-- Opening Marker --

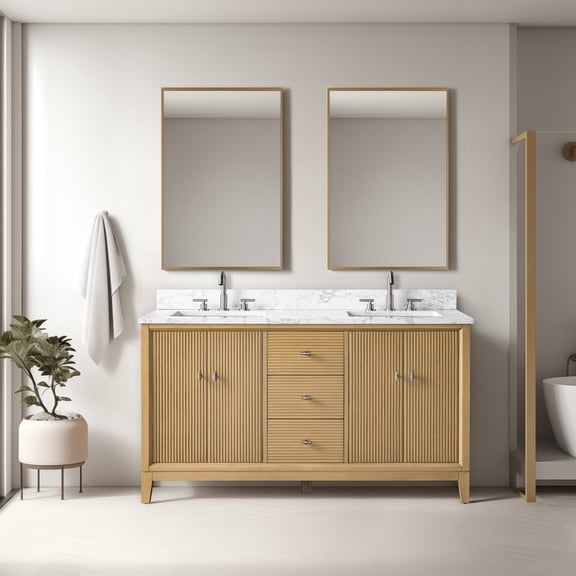 Vanity Art 60" Bathroom Vanity with Sinks and Engineered Marble Top, Freestanding Storage Cabinet with 2 Drawers, 2 Shelves and 1 Flip Down Tray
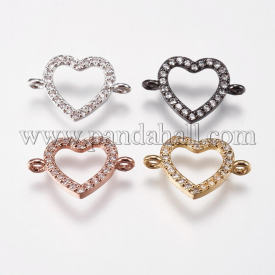 Brass Micro Pave Cubic Zirconia Links, Heart, Clear, Mixed Color, 10.5x16x2mm, Hole: 1.5mm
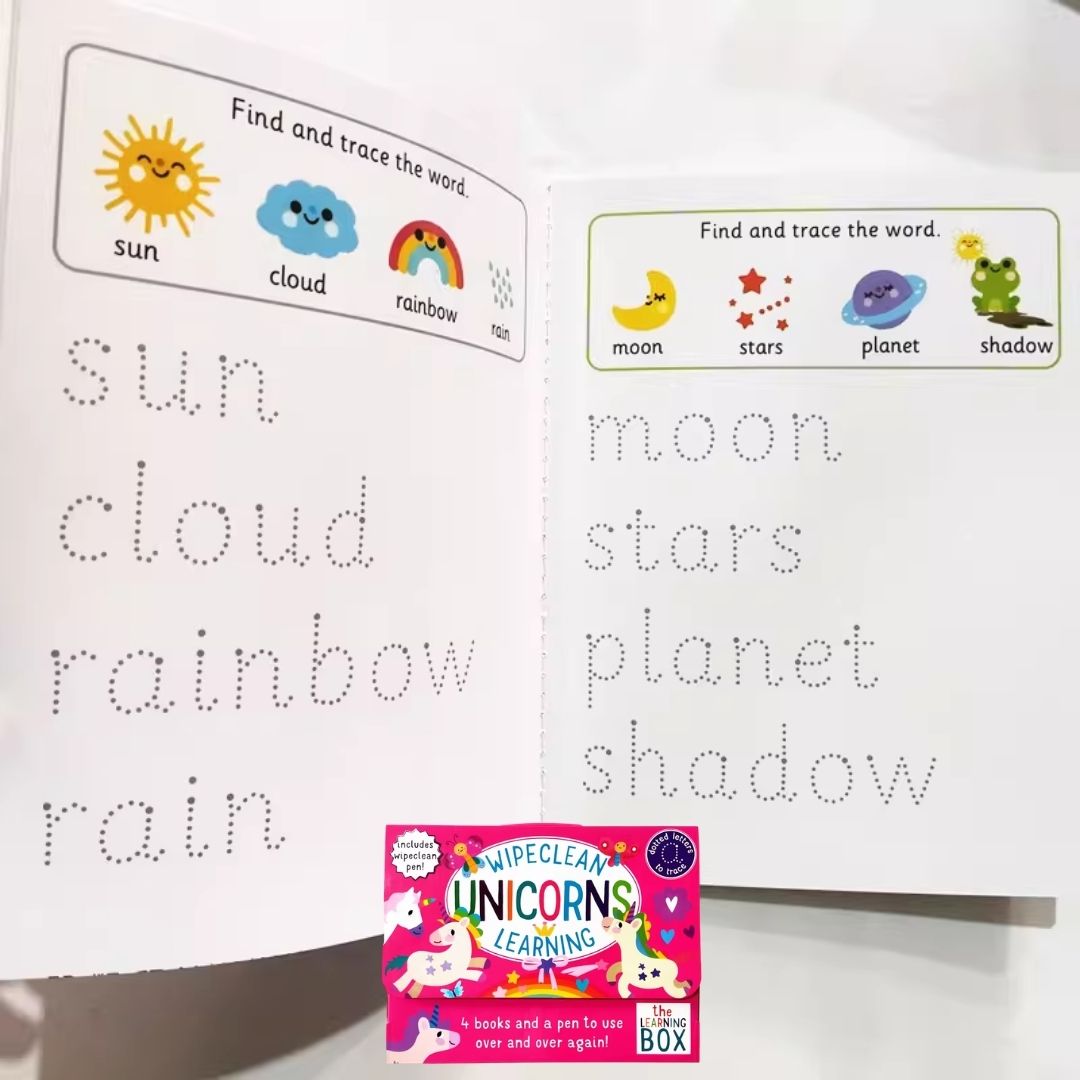 UNICORNS Wipeclean / Wipe Clean The Learning Box Set (4 activity books & 1 erasable pen) BOX with SLIGHT DENTS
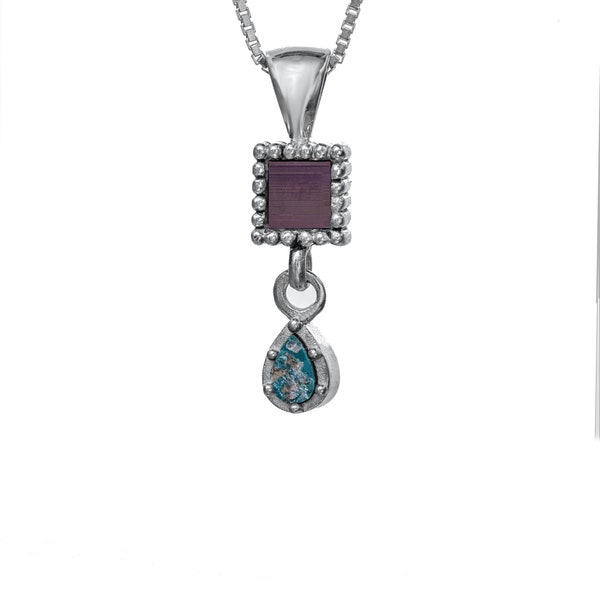 Jerusalem Nano Bible Torah Pendant with Drop of Roman Glass Necklace Silver 925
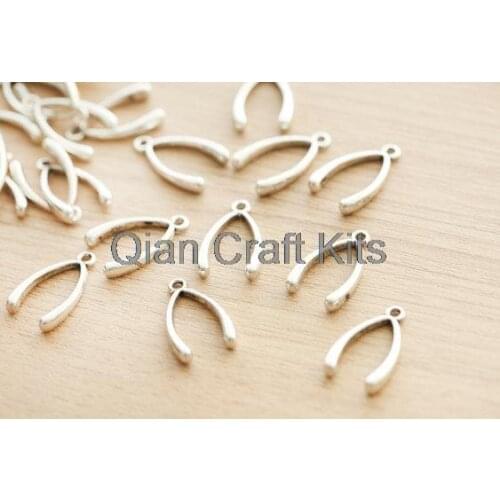 100pcs 24 x 15 x 4 mm Wish Bone Antique Silver Plated Fashion Alloy - Pendant Jewelry lead and nickle free
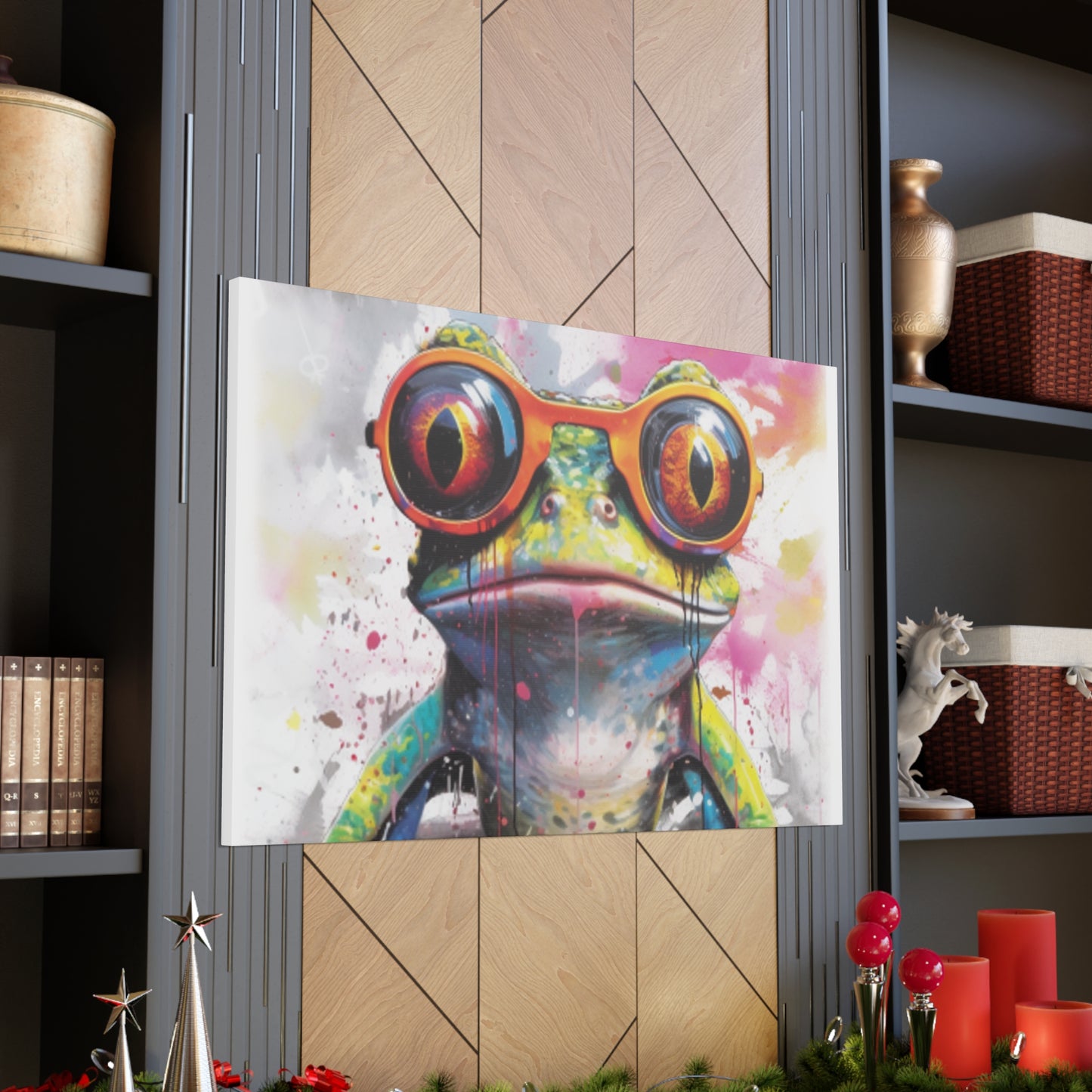 Art Frog In Gold Glasses- Large Wall Art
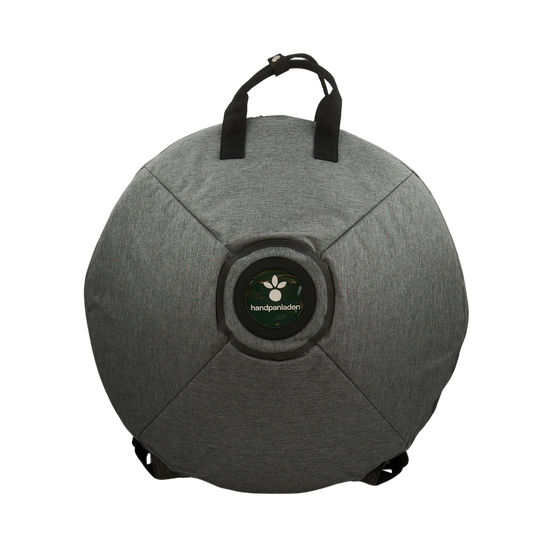 hpl Premium Softcase für Handpan von vorn, graues Außenmaterial mit Tragegriff – handpanladen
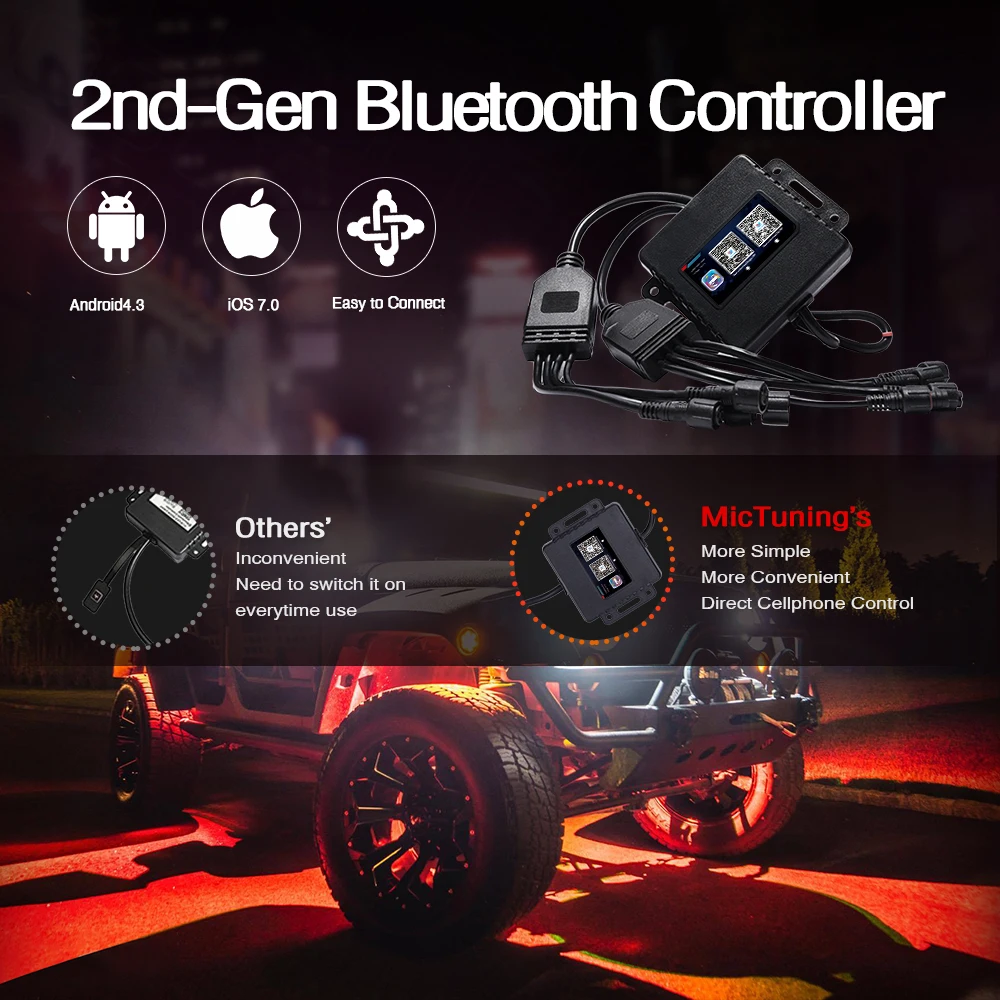 Улучшенный светодиодный RGB-светильник MICTUNING 2nd-Gen с 8 подсветками управлением
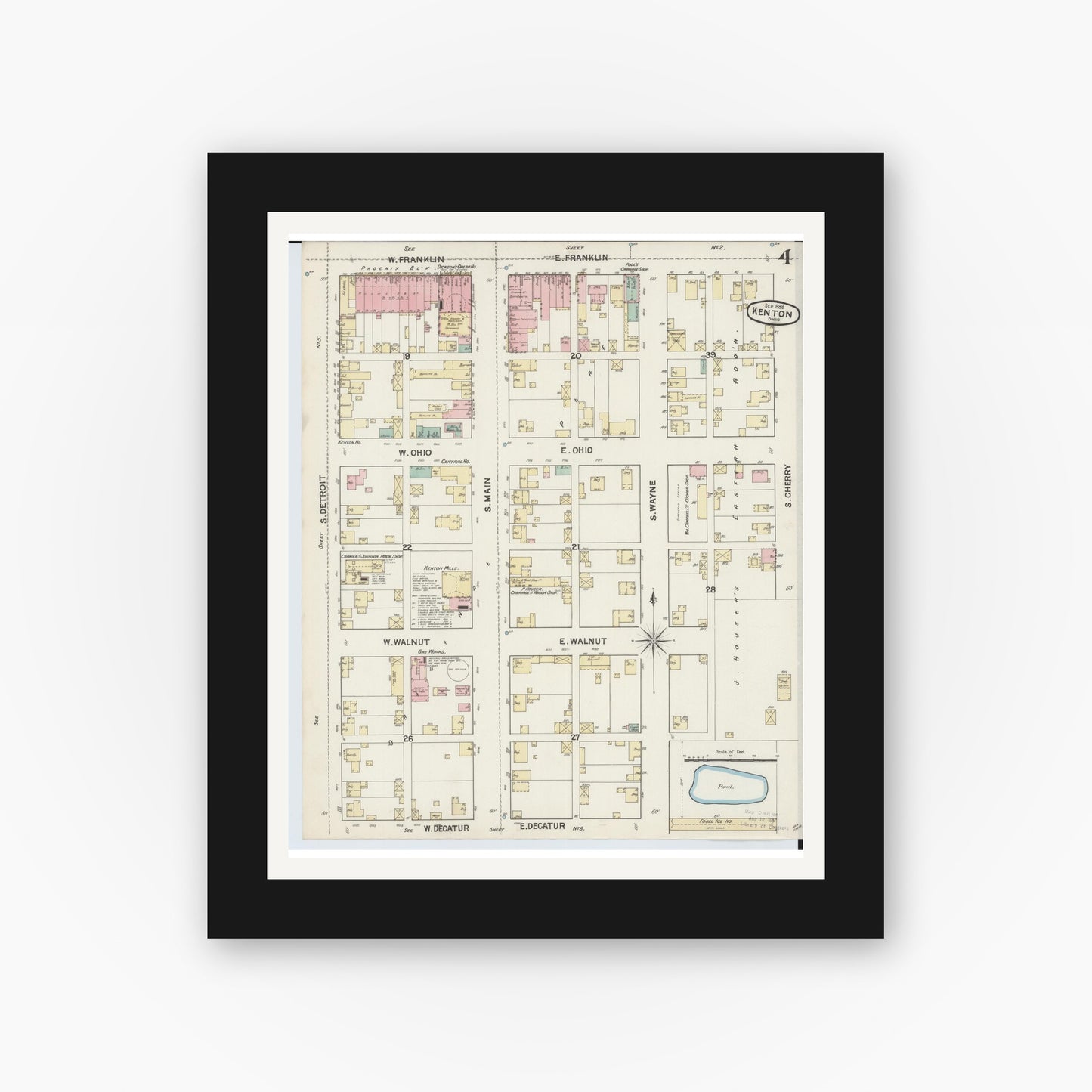 Old map wall art mockup — black gallery frame with white mat — Sanborn Fire Insurance Map from Kenton, Hardin County, Ohio (1888), Sheet #0004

-- Closing Marker --

§ **Brief**:
Lines from the one that contains "UNICORNS Wipeclean /" through the last line of the data above are to be extracted exactly, with no pictures and no other lines.

§ **Solution below**:
 UNICORNS Wipeclean / Wipe Clean The Learning Box Set (4 activity books & 1 erasable pen) BOX with SLIGHT DENTS
 Jerusalem Nano Bible Torah Pendant with Drop of Roman Glass Necklace Silver 925
 100pcs 24 x 15 x 4 mm Wish Bone Antique Silver Plated Fashion Alloy - Pendant Jewelry lead and nickle free
 Art Frog In Gold Glasses- Large Wall Art
 hpl Premium Softcase für Handpan von vorn, graues Außenmaterial mit Tragegriff – handpanladen
 Улучшенный светодиодный RGB-светильник MICTUNING 2nd-Gen с 8 подсветками управлением
 Old map wall art mockup — black gallery frame with white mat — Sanborn Fire Insurance Map from Kenton, Hardin County, Ohio (1888), Sheet #0004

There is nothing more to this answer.